## Task to carry out
Nothing but the lines below from the one holding "Martin Kline Hammock" up to and including the one holding "Calvin Klein Grünes" should be copied, exactly and without pictures.

## Given records
##########

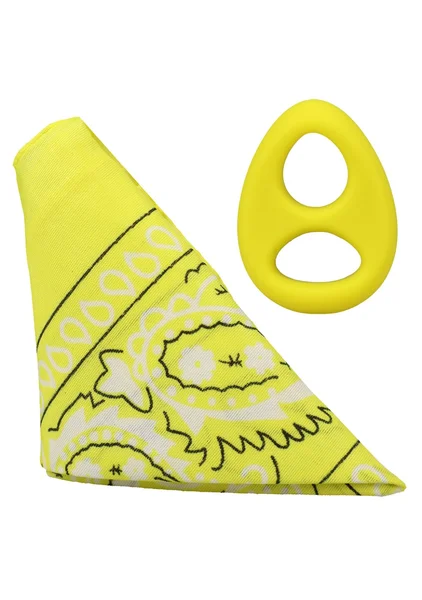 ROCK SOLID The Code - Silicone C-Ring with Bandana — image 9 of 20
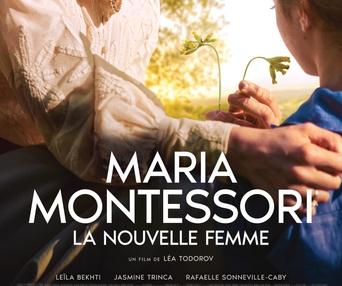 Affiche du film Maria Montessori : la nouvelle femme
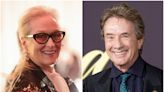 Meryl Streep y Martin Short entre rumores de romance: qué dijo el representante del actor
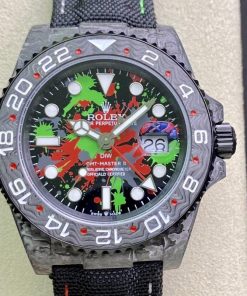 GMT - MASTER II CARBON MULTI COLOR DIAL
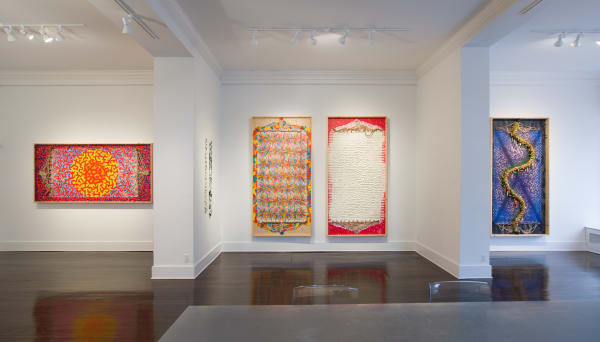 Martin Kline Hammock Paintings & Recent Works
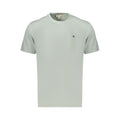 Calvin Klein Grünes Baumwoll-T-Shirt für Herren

##########

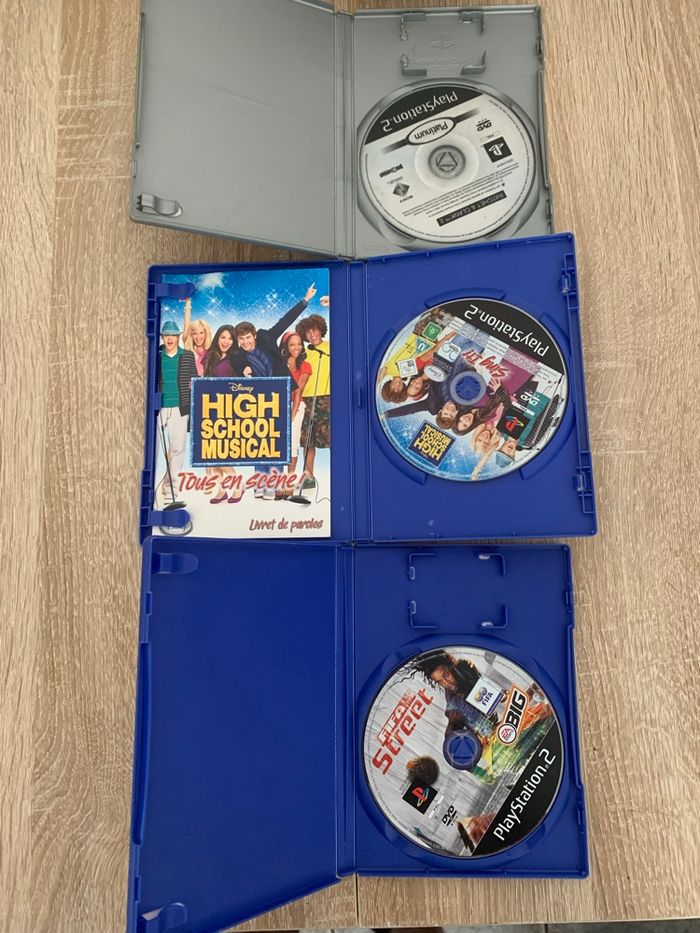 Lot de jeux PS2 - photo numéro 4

##########

## Problem solution
 Martin Kline Hammock Paintings & Recent Works
 Calvin Klein Grünes Baumwoll-T-Shirt für Herren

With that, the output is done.